There are three golf courses in Lynnfield which are designated on the Conservation and Recreation Map:

1. Sagamore Springs Golf Club is a privately-owned 18 hole located on both sides of upper Main Street heading towards West Peabody and Middleton. This course has many wetland features over the 168 acres including rivers, streams, bordering vegetated wetlands and floodplain.

2. Reedy Meadow Golf Course (formerly known as the Centre Golf Course) is a town-owned nine hole course located on Summer Street. Exquisite views of Reedy Meadow are visible from the course.

3. King Rail Reserve (formerly Colonial Golf Course) opened on May 9, 2008 by the town via a license from National Development, who recently purchased the Colonial site.

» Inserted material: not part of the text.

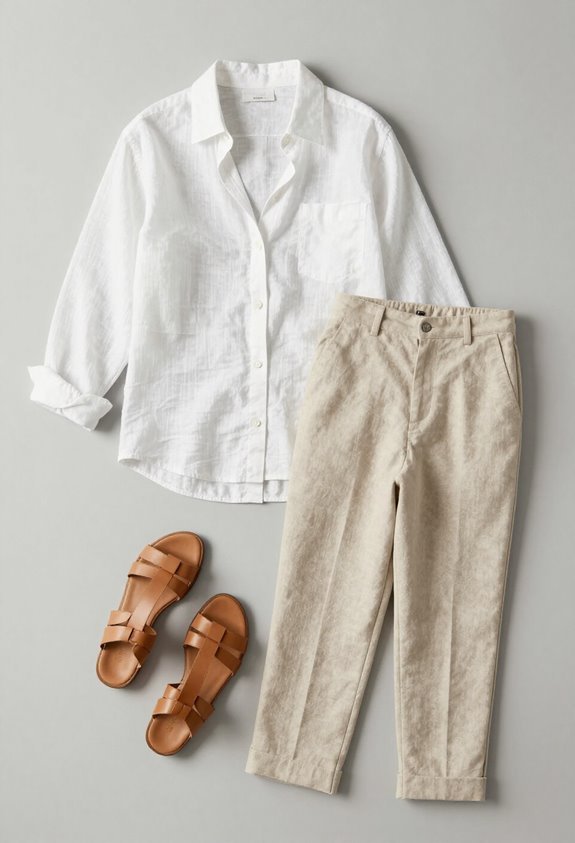 linen shirt neutral trousers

April 2007 Town Meeting approved the zoning of the Colonial property to 40R status and current plans have been submitted to create mixed-use retail, office and residential. This 9-hole course will reopen this year on April 1, 2009.

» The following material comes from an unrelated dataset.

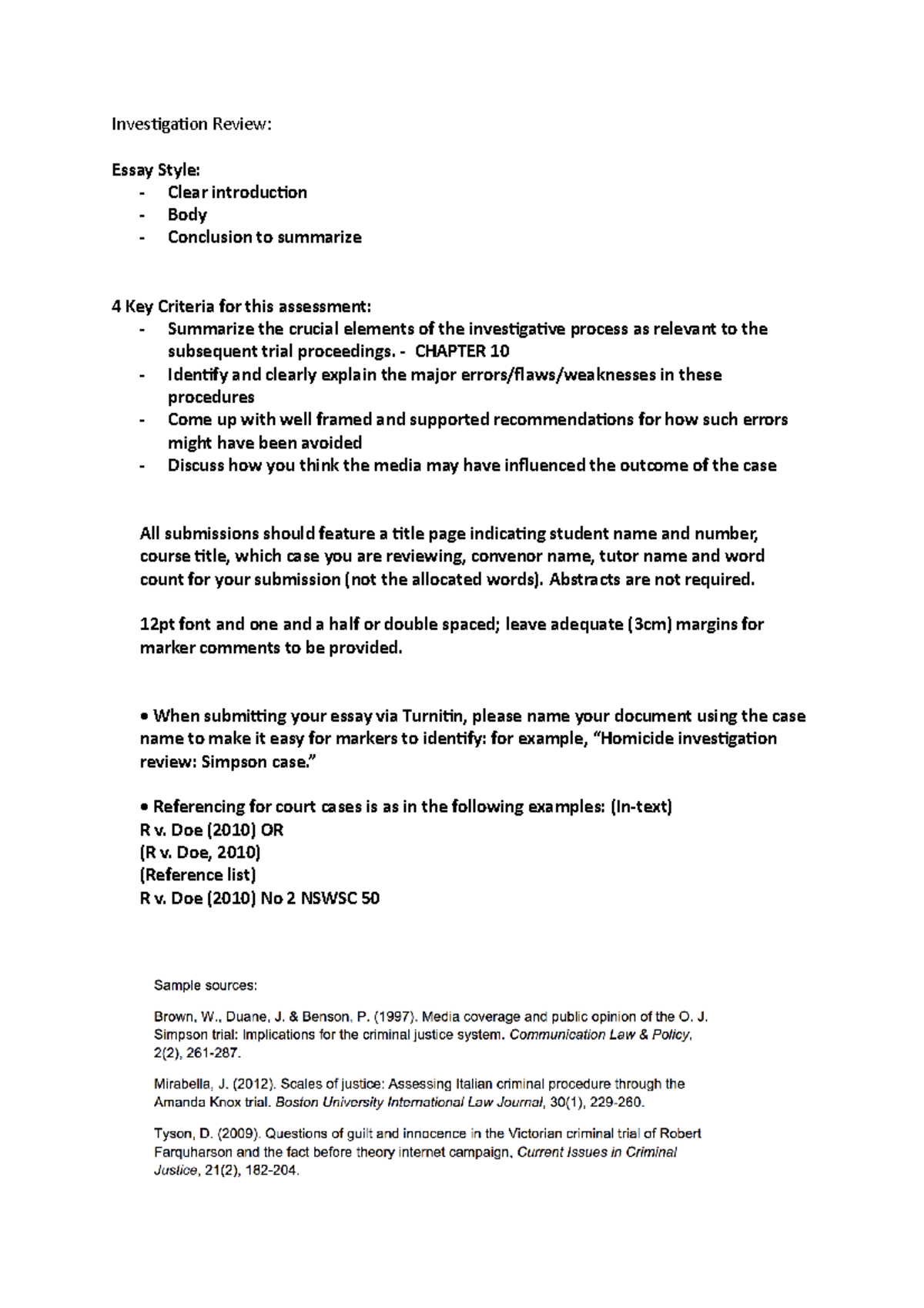 Investigation Review OJ Simpson - Invesigaion Review: Essay Style ...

1.  These regulations apply to all areas in the Town of Lynnfield owned by and under the control of its Conservation Commission.  Signs reading "Lynnfield Conservation Commission" shall be posted at public entrances to each such area if deemed appropriate by the Commission. These regulations shall be available at the Town Clerk's Office, the Conservation Commission Office and Police Department.
2.  All persons are welcome to enjoy themselves without charge in Conservation Areas of the Town without permit from dawn to dusk.
3.  Carrying of or discharging of firearms, bows and paintball guns, as well as hunting, shooting or trapping, are prohibited on all Conservation Areas. Fishing with State license in season is allowed unless the area is posted.
4.  Use of alcohol and illicit drugs on Lynnfield Conservation Lands is prohibited.
5.  Overnight camping will be permitted with written permission and allocation of camp site from the Conservation Commission Chairman or Administrator for organized or family groups, provided an adult is present at all times.
6.  Permission to camp may be denied at the discretion of the Conservation Commission for any reason relating to health, safety, overcrowding, forest fire danger, or prior violations of these rules by some or any of the group applying for the permit. Citizens of the Town may be given priority. Citizens of other towns may be required to present references.
7.  Conservation Areas are meant to be preserved in a natural state. Cans, bottles and garbage are to be placed in receptacles.  If receptacles are not provided, trash is to be taken away. No plants are to be removed, cut or defaced. The removal of wildlife is prohibited by State law. Fires are prohibited unless an authorized permit has been obtained from the Lynnfield Fire Department.  Firewood should be provided by the camper.
8.  No trails may be cut or marked. The building of any dam or any structure without written authorization of the Conservation Commission.
9.  Visitors to Conservation Areas are urged to leave them cleaner than they found them and to report violations of any of these rules and regulations to the Conservation Commission, any Selectman, or to the Chief of Police.
10.  No cars, trucks, dirt bikes, ATV's or other powered vehicles or tools are allowed, except for police, civil defense, fire and public works department vehicles of the Town of Lynnfield without prior written approval by the Conservation Commission.
11. The Conservation Commission does not have the personnel to patrol conservation lands, and cannot assume for the Town any liability for injuries, damage to property, or other loss to persons going on such areas. Such persons assume, by reason of entry, all risks involved.
12. Violations of these regulations shall be punishable by fines of $50 for a first offense and $100 for a subsequent offense.